### Available data:
------

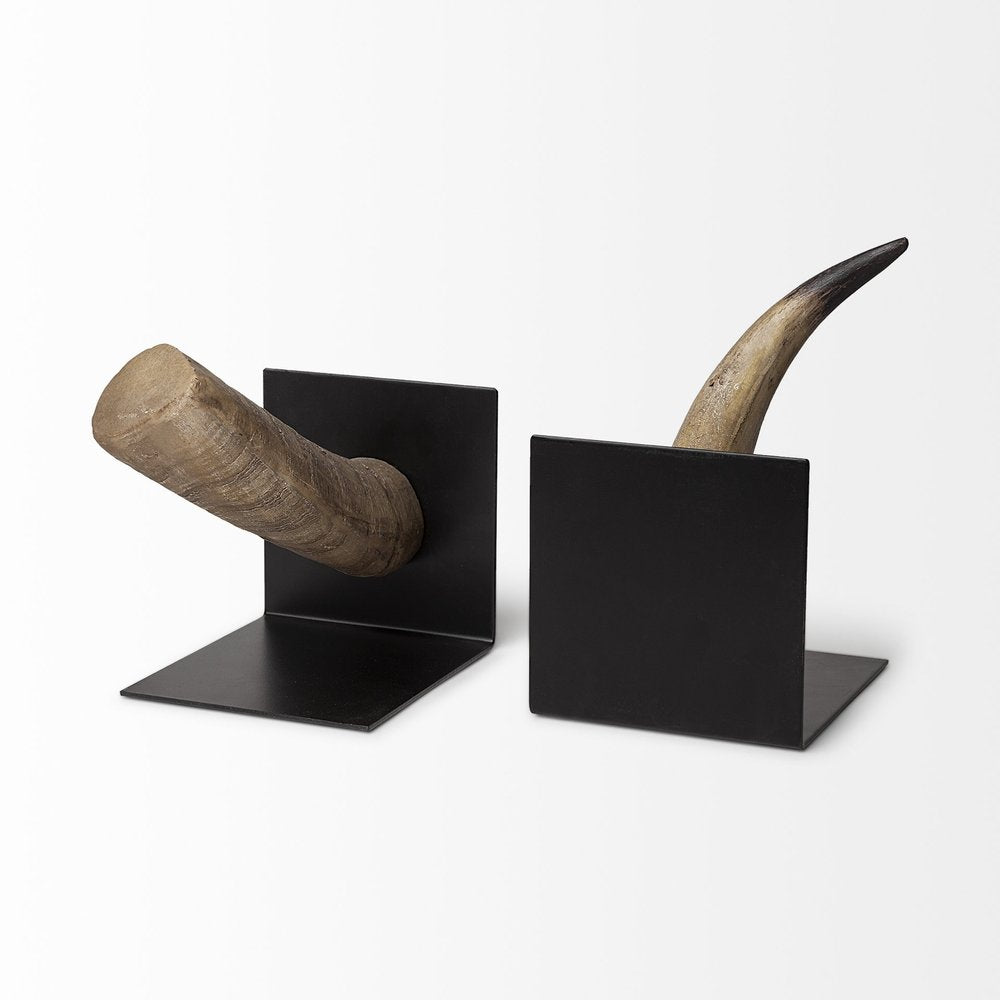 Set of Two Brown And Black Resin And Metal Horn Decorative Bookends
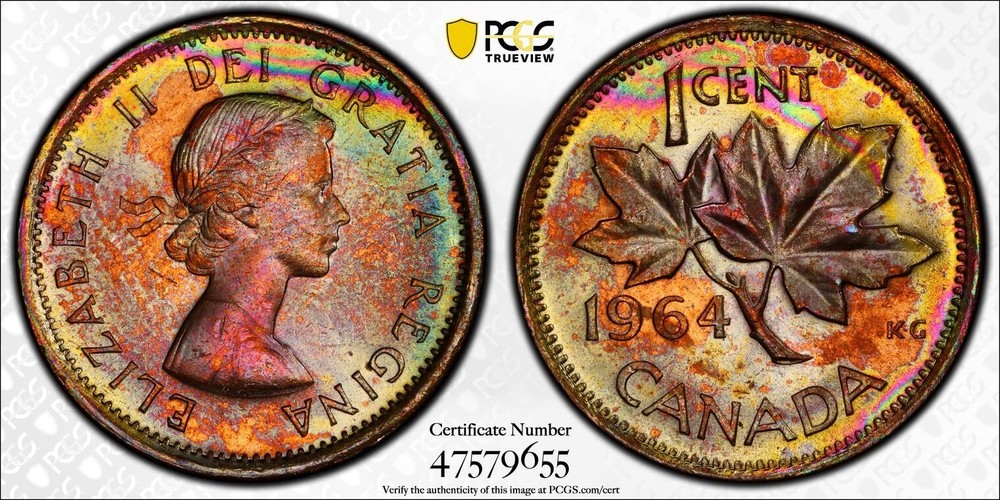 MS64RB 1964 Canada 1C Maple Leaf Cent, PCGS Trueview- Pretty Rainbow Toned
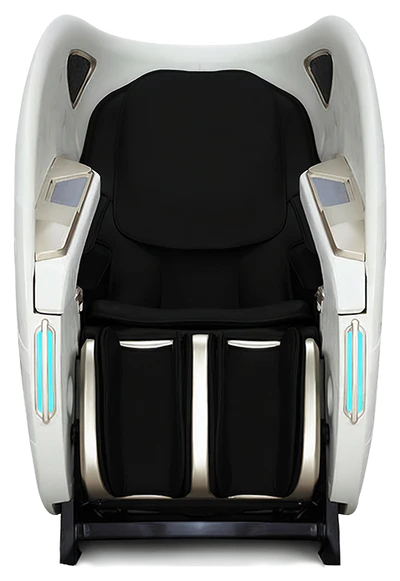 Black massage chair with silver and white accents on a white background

------

### What is being asked:
Please print exactly the lines from the one holding "MS64RB 1964 Canada" through the final line of the data above, including both, and skip all pictures.

### Written response:
 MS64RB 1964 Canada 1C Maple Leaf Cent, PCGS Trueview- Pretty Rainbow Toned
 Black massage chair with silver and white accents on a white background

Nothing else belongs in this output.